--- SOURCE DATA ---
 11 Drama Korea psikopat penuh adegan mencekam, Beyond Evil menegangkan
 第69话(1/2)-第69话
---
--- SOURCE DATA ---
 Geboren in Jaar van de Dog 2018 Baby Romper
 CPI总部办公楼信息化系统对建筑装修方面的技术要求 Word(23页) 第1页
---
--- SOURCE DATA ---
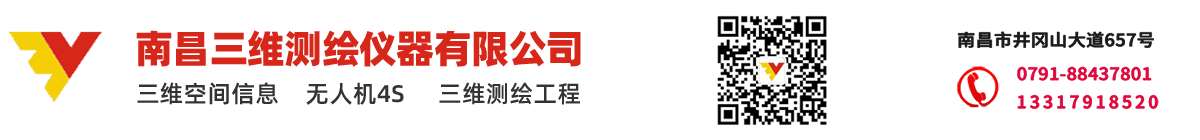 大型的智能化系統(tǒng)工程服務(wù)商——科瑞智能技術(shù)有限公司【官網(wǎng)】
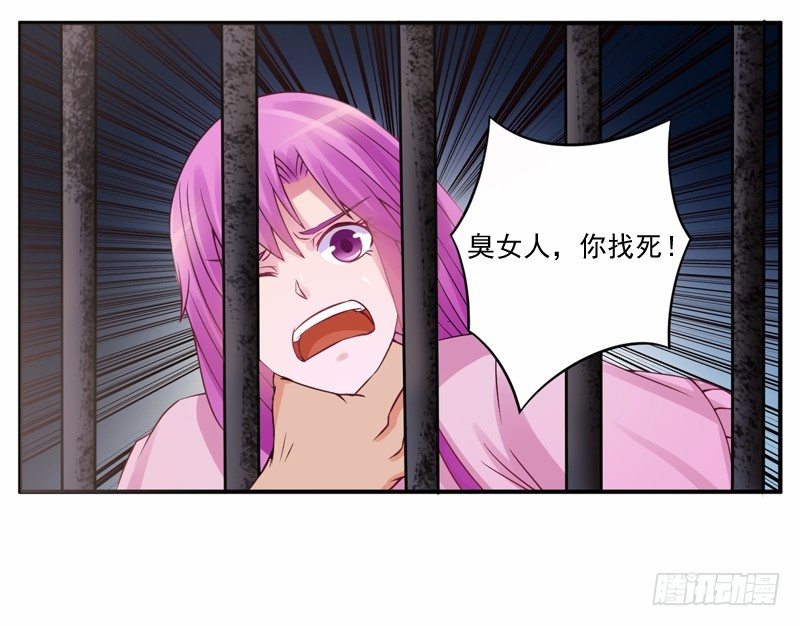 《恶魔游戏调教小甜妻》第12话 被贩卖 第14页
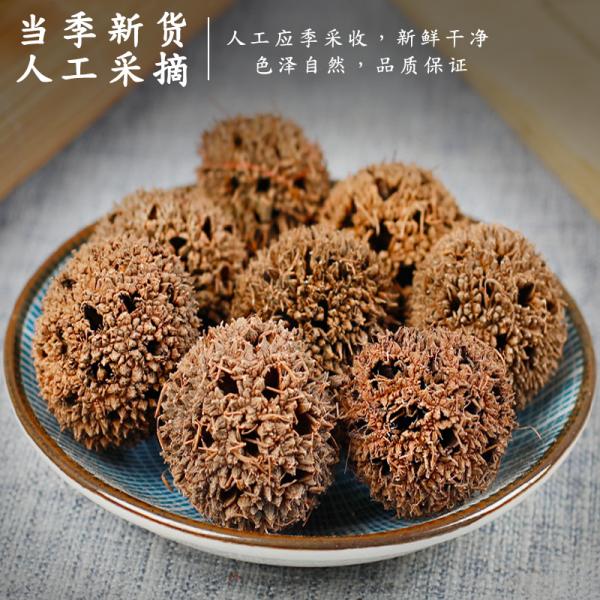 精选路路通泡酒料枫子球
---
● **PROBLEM TO SOLVE**
From the material above, copy exactly the lines between the line holding "Geboren in Jaar van de Dog 2018 Baby Romper" and the line holding "CPI总部办公楼信息化系统对建筑装修方面的技术要求 Word(23页) 第1页", inclusive, and only those.

● **RESULT FOR THIS TASK**
 Geboren in Jaar van de Dog 2018 Baby Romper
 CPI总部办公楼信息化系统对建筑装修方面的技术要求 Word(23页) 第1页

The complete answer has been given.